Before September 11, 2001, few Americans had heard of immigration detention, but in fact a secret and repressive prison system run by the U.S. Immigration and Naturalization Service has existed in this country for more than two decades.
In American Gulag, prisoners, jailers, and whistle-blowing federal officials come forward to describe the frightening reality inside these INS facilities. Journalist Mark Dow's on-the-ground reporting brings to light documented cases of illegal beatings and psychological torment, prolonged detention, racism, and inhumane conditions.
Intelligent, impassioned, and unlike anything that has been written on the topic, this gripping work of investigative journalism should be read by all Americans.
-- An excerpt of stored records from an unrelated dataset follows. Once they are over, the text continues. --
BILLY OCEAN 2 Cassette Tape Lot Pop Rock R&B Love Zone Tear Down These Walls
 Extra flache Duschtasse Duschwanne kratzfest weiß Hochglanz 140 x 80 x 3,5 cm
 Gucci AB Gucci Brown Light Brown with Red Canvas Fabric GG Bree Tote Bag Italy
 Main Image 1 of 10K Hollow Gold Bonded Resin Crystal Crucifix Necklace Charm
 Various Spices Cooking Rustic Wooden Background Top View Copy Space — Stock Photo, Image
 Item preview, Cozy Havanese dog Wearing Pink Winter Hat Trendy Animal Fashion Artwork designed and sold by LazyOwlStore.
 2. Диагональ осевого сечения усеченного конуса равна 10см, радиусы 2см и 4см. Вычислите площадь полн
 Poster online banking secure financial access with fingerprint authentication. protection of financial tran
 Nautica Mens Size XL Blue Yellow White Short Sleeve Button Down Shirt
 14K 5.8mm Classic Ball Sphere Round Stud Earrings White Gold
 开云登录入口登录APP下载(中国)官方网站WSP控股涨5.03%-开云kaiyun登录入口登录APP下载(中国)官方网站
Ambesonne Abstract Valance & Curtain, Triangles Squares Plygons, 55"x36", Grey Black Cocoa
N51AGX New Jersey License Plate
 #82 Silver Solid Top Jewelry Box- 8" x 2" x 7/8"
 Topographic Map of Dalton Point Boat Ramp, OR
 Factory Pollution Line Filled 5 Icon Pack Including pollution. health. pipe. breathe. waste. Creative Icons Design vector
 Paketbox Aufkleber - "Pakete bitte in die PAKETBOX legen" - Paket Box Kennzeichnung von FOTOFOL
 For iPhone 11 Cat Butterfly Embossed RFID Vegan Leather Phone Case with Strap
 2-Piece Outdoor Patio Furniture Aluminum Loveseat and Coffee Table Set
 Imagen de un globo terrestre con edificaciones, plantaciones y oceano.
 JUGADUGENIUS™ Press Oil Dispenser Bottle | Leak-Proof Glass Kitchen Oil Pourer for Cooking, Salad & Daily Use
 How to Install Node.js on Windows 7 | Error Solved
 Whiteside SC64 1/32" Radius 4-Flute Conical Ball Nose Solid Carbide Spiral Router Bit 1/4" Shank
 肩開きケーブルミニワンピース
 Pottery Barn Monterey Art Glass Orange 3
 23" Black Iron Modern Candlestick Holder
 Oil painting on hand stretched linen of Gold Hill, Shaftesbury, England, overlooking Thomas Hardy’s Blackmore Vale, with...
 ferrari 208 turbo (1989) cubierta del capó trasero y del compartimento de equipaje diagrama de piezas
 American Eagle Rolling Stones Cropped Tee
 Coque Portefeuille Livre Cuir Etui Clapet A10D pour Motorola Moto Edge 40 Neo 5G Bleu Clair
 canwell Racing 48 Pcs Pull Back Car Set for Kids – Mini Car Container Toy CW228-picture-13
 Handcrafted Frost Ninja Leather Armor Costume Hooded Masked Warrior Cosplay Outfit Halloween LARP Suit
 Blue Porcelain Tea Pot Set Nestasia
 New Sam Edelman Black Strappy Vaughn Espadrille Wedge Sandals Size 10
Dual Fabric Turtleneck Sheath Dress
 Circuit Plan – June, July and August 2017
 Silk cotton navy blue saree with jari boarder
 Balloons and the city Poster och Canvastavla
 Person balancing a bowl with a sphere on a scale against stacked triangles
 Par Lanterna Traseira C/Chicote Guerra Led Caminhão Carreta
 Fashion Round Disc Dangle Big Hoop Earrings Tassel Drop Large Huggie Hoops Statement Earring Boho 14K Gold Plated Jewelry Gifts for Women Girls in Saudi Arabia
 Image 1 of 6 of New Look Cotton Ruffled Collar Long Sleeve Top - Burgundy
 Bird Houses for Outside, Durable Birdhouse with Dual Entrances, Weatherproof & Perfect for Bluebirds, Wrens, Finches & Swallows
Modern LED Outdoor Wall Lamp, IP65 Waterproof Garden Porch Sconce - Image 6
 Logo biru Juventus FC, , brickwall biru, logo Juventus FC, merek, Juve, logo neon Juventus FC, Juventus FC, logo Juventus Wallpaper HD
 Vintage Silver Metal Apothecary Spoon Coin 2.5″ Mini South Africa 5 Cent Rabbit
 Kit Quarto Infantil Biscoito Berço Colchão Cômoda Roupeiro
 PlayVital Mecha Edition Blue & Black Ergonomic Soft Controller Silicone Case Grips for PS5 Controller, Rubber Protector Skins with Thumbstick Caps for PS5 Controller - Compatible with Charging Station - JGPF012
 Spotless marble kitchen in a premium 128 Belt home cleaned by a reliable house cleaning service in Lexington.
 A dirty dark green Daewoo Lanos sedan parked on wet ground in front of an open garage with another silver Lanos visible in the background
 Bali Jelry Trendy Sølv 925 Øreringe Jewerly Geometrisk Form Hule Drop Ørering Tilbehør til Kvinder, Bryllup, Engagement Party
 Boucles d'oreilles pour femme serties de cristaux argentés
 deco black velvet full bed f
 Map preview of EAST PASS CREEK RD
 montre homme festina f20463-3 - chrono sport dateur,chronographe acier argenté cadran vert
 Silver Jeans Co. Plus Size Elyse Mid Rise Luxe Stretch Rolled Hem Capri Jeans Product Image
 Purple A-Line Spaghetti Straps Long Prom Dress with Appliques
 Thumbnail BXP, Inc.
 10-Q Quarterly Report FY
It is a book that will change the way we see our country.
American Gulag takes us inside prisons such as the Krome North Service Processing Center in Miami, the Corrections Corporation of America's Houston Processing Center, and county jails around the country that profit from contracts to hold INS prisoners. It contains disturbing in-depth profiles of detainees, including Emmy Kutesa, a defector from the Ugandan army who was tortured and then escaped to the United States, where he was imprisoned in Queens, and then undertook a hunger strike in protest. To provide a framework for understanding stories like these, Dow gives a brief history of immigration laws and practices in the United States—including the repercussions of September 11 and present-day policies. His book reveals that current immigration detentions are best understood not as a well-intentioned response to terrorism but rather as part of the larger context of INS secrecy and excessive authority.
American Gulag exposes the full story of a cruel prison system that is operating today with an astonishing lack of accountability.

Synopsis

"Prisoners who have had no trial, guards who humiliate and assault them: It sounds like a scene from Stalin's U.S.S.R., but it is a reality in the United States today. American Gulag tells the horrifying story of men, women and children detained indefinitely by U.S. immigration officials as it has never been told before. It sounds an alarm for us all."—Anthony Lewis, author of Gideon's Trumpet

"Through the eyes and ears of immigration prisoners, their lawyers, and their jailers, Mark Dow sheds light on the netherworld of immigration detention, and compels us to confront how we treat the most vulnerable and voiceless among us. His work is a clarion call for justice from behind bars by those who have been sentenced to serve time without having ever committed a crime." David Cole, author of Enemy Aliens: Double Standards and Constitutional Freedoms in the War on Terrorism

The New Yorker

Long before Abu Ghraib, and even before September 11th, detainees in America’s immigration prisons were being stripped, beaten, and sexually abused. Dow has spent years interviewing inmates, guards, and officials, and he gives a jarring account of a dangerously arbitrary system. Alien inmates—from political refugees who present themselves at airports to permanent residents convicted of misdemeanors—can be locked up for years, in harsh conditions, with no real recourse. Dow argues that the practices of the I.N.S. (which was folded into the Department of Homeland Security in 2003) laid the groundwork for the indefinite detentions and the muting of civil liberties after September 11th. By “blurring the distinction between alien, criminal, and terrorist,” detention takes on its own brutal logic. After a Somali man is left to bake in the sun in a sealed car to discourage others from applying for asylum, an immigration official explains, “I’m not trying to prosecute them. I just want them to quit coming here.”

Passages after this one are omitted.